Structure Mapping Theory
Structure Mapping Theory
Mechanisms of relational structure mapping across analogy tasks
Following the seminal structure mapping theory by Dedre Gentner, the process of mapping the corresponding structures of relations defining two analogs has been understood as a key component of analogy making. However, not without a merit, in recent years some semantic, pragmatic, and perceptual aspects of analogy mapping attracted primary attention of analogy researchers. For almost a decade, our team have been re-focusing on relational structure mapping, investigating its potential mechanisms across various analogy tasks, both abstract (semantically-lean) and more concrete (semantically-rich), using diverse methods (behavioral, correlational, eye-tracking, EEG). I will present the overview of our main findings. They suggest that structure mapping (1) consists of an incremental construction of the ultimate mental representation, (2) which strongly depends on working memory resources and reasoning ability, (3) even if as little as a single trivial relation needs to be represented mentally. The effective mapping (4) is related to the slowest brain rhythm – the delta band (around 2-3 Hz) – suggesting its highly integrative nature. Finally, we have developed a new task – Graph Mapping – which involves pure mapping of two explicit relational structures. This task allows for precise investigation and manipulation of the mapping process in experiments, as well as is one of the best proxies of individual differences in reasoning ability. Structure mapping is as crucial to analogy as Gentner advocated, and perhaps it is crucial to cognition in general.

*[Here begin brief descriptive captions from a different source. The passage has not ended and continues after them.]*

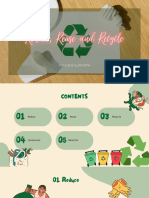 Presentación Reciclaje y Sostenibilidad Moderno y Elegante Con Fotografías en Color Verde, Blanco y Rosa
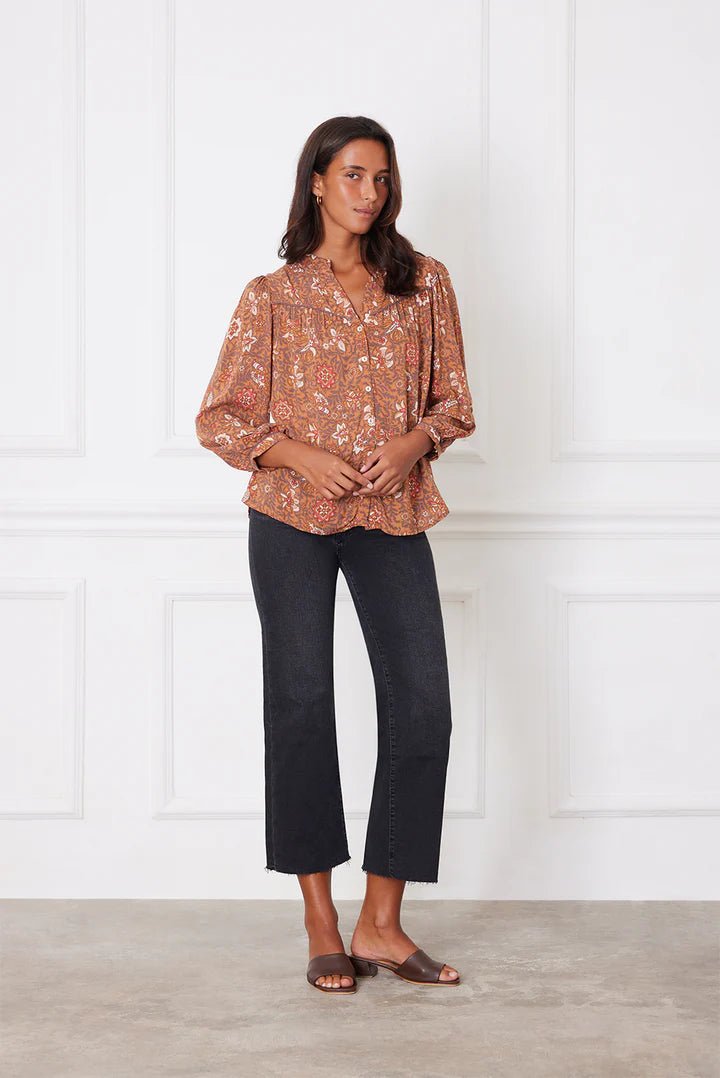 Anna Shirt - Polkadots & Moonbeams LAPanerosBrownXSAnna Shirt
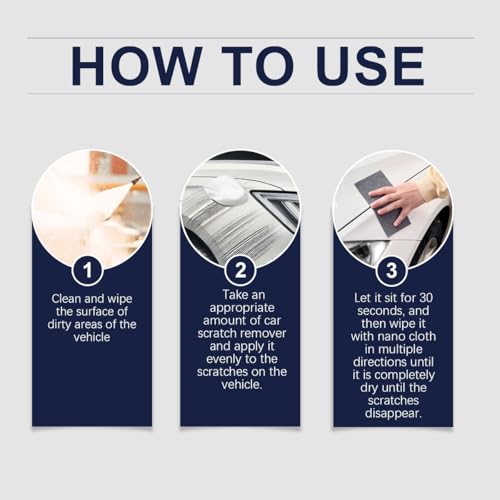 Car Scratch Remover with Polishing Pad,2.12oz | Professional Paint Restoration Kit,Surface Repair Cream for Minor Scratches and Scuffs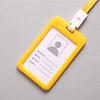 Double-sided, Staff Work Card Cover, Pass Access Card Holder, Name Badge Holder, ID Tag, Bus Card Sleeve, with Lanyard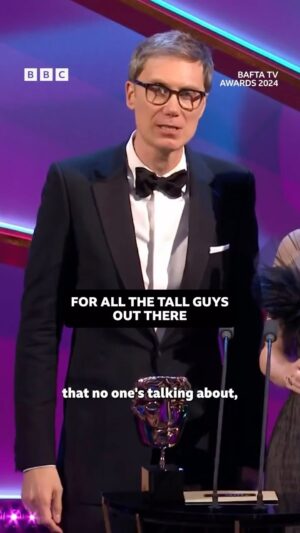 Stephen Merchant Instagram - Shout out to all my fellow tall people 🤣 @stephenmerchant

 #BAFTATVAwards #BAFTATV2024 #BAFTATV #BAFTA #iPlayer #StephenMerchant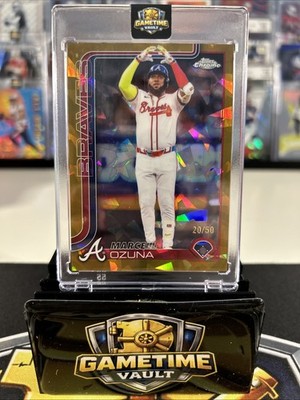 2025 Topps Chrome Sapphire GOLD REFRACTOR 250 MARCELL OZUNA 20/50 Atlanta Braves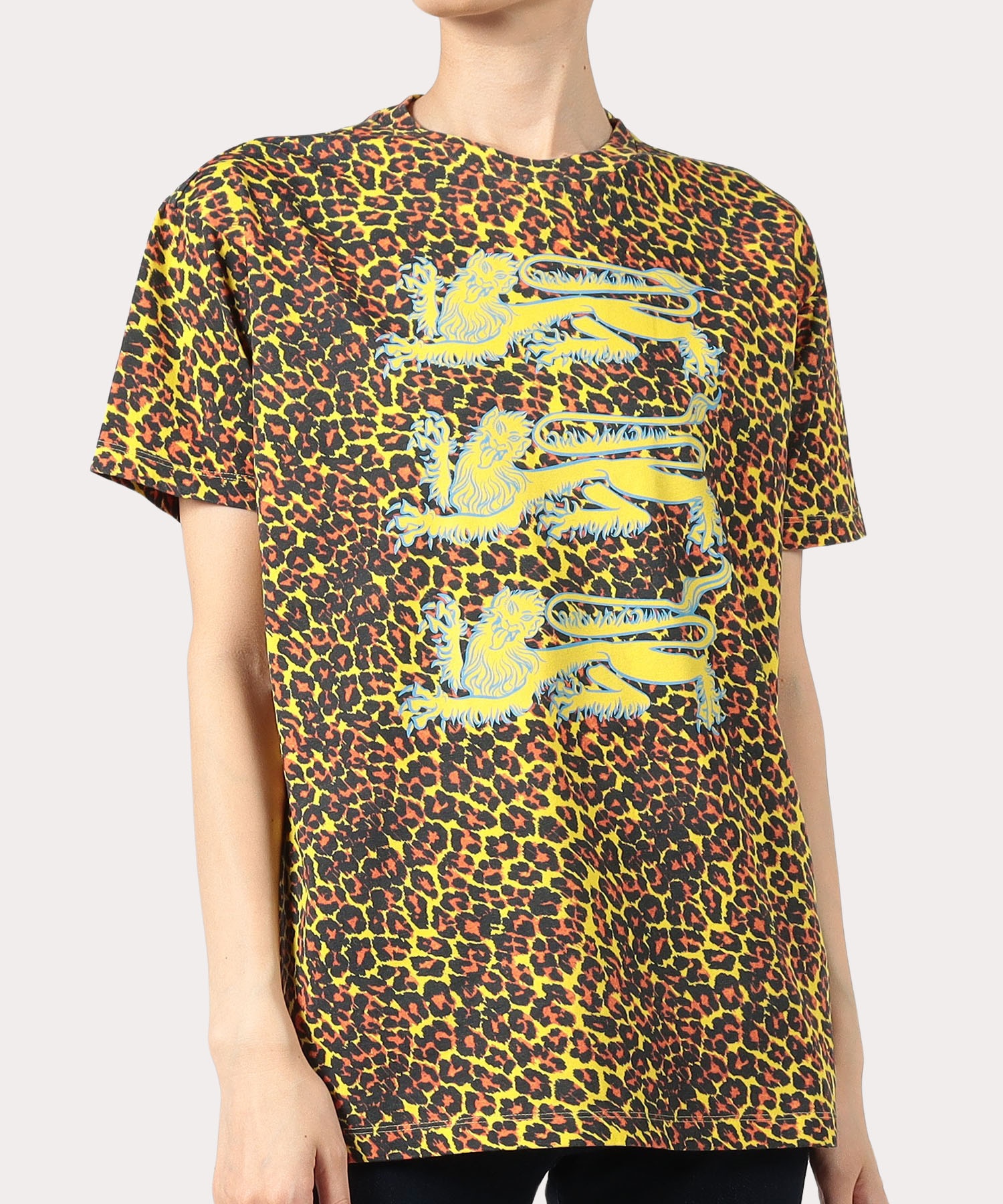 LEOPARD CLASSIC Tシャツ(ゴールド)（レディース）（1210332051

Implementing structure mapping as a prior in deep learning models for abstract reasoning
Building conceptual abstractions from sensory information and then reasoning about them is central to human intelligence. Abstract reasoning both relies on, and is facilitated by, our ability to make analogies about concepts from known domains to novel domains. Structure Mapping Theory of human analogical reasoning posits that analogical mappings rely on (higher-order) relations and not on the sensory content of the domain. This enables humans to reason systematically about novel domains, a problem with which machine learning (ML) models tend to struggle. We introduce a two-stage neural net framework, which we label Neural Structure Mapping (NSM), to learn visual analogies from Raven's Progressive Matrices, an abstract visual reasoning test of fluid intelligence. Our framework uses (1) a multi-task visual relationship encoder to extract constituent concepts from raw visual input in the source domain, and (2) a neural module net analogy inference engine to reason compositionally about the inferred relation in the target domain. Our NSM approach (a) isolates the relational structure from the source domain with high accuracy, and (b) successfully utilizes this structure for analogical reasoning in the target domain.